Section 281(2) of the Insurance Act prevents insureds from initiating any action against their insurer unless they first sought mediation at FSCO.  Section 280(4) requires the mediations to be conducted within the "prescribed time".  Section 280(7) states that mediations have failed when the mediator has given notice to the parties that the mediation will fail or when the prescribed or agreed time for mediation has expired and no settlement has been reached.  Section 10 of the Dispute Resolution Practice Code prescribes the time to be 60 days.

So what does this mean for insureds, insurers and FSCO?

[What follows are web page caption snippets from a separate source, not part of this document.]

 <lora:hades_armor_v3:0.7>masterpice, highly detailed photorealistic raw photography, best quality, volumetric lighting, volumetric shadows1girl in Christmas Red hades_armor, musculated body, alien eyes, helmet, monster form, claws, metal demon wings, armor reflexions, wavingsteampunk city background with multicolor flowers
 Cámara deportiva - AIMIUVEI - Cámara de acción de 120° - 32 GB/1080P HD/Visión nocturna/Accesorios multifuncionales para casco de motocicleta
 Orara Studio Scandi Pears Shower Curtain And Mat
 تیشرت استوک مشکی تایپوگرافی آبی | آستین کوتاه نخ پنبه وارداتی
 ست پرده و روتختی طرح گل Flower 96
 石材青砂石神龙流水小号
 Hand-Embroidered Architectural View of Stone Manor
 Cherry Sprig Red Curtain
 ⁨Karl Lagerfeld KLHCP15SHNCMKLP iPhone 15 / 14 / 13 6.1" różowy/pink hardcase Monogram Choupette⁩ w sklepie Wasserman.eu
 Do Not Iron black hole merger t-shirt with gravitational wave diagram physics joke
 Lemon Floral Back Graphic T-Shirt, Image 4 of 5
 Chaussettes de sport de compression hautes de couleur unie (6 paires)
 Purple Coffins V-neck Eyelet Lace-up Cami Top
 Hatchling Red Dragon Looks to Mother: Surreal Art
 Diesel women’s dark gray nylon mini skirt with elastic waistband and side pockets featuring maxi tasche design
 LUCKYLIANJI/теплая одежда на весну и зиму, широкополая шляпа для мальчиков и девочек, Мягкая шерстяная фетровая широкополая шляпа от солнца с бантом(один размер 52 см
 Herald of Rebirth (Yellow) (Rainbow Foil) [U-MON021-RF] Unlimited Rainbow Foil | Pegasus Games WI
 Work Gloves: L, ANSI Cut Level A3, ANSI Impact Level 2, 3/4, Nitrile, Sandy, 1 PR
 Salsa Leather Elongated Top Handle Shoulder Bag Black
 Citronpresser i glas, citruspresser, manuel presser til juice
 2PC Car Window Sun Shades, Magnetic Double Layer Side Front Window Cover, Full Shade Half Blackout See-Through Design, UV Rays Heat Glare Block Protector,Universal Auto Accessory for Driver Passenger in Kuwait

Decisions regarding the 60-day limitations have been consistent - mediation is deemed to have failed once the timeline has expired. In addition, a mediator's report is not needed to move on to arbitration or litigation.  That means that thousands of backlogged mediation cases are deemed failed and free to file for arbitration or go to court.  The quickest route might be small claims court which is an option for many insureds with smaller claims.

FSCO has closed almost 8,000 mediation files as failed in the first nine months of 2012.  However, it appears that the files may all have been failed with the agreement of the parties.  The recent decision will likely make the number of failed mediations once again increase considerably. It may also require additional resources to handle the increase in arbitration files.  They has partially been addressed by the contract with ADR Chambers.  However, the limit of 500 files in the contract may not be sufficient.  The current wait times in arbitration are six to eight months and will likely worsen.  The alternative approach may not be any better.  A large number of cases going to the courts will flood that system too.

FSCO is informing parties who filed applications for mediation with FSCO more than 60 days ago should submit a form to FSCO indicating that they either jointly agree to extend the time for mediation or that either party wishes to receive a failed Report of Mediator. If FSCO does not receive this form from parties, by default, their applications will remain in queue for assignment to a mediator.
Applications for Arbitration that were filed without a Report of Mediator and have been held in abeyance, pending the Court of Appeal matters, will proceed to arbitration. Upon request, FSCO will issue Reports of Mediator for these cases.

As for insurers, the large number of files leaving the mediation system will likely increase their operating costs. Each application costs an insurer $3,000 and that does not include legal and preparation time in the event the application proceeds to a pre-hearing or hearing.